Maintenant, un nouveau jour se lève dans notre Université. Il se lève sur les ruines de plusieurs décennies d’acquis démocratiques. L’Université élit ses Doyens depuis les années 1980, donc sous le PRPB. Si l’Université s’y accommode, le pays perdra confiance en la fine fleur de son élite et les principes cardinaux qui la gouvernent (l’autonomie des Universités et l’élection des Recteurs, Doyens et Directeurs) seront remis en cause.

A cet instant où je me m’apprête à quitter les fonctions que vous m’avez confiées, je voudrais vous redire ma gratitude pour m’avoir donné l’occasion de vivre cette belle expérience humaine.

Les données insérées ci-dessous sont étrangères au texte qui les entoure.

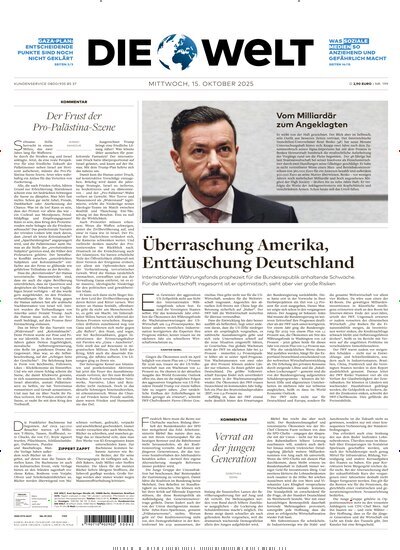 Titelbild der Ausgabe 198/2025 von Die Welt Gesamtausgabe. Diese Zeitschrift und viele weitere Zeitungsabos als Abo oder epaper bei United Kiosk online kaufen.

Mes remerciements vont à tous les collègues de la Faculté, au personnel administratif et à tous ces braves étudiants à qui la Faculté voudrait tout donner mais n’en a pas toujours les moyens. De l’endroit où je serai, avec d’autres, et nous sommes nombreux, je travaillerai à ce que cette parenthèse, ouverte le 30 janvier 2019, soit refermée le plus rapidement possible. Je me battrai pour que les idéologues de cette régression, leurs serviteurs et les bénéficiaires de ce recul démocratique soient mis en minorité afin que notre pays retourne sur le piédestal qui faisait notre fierté.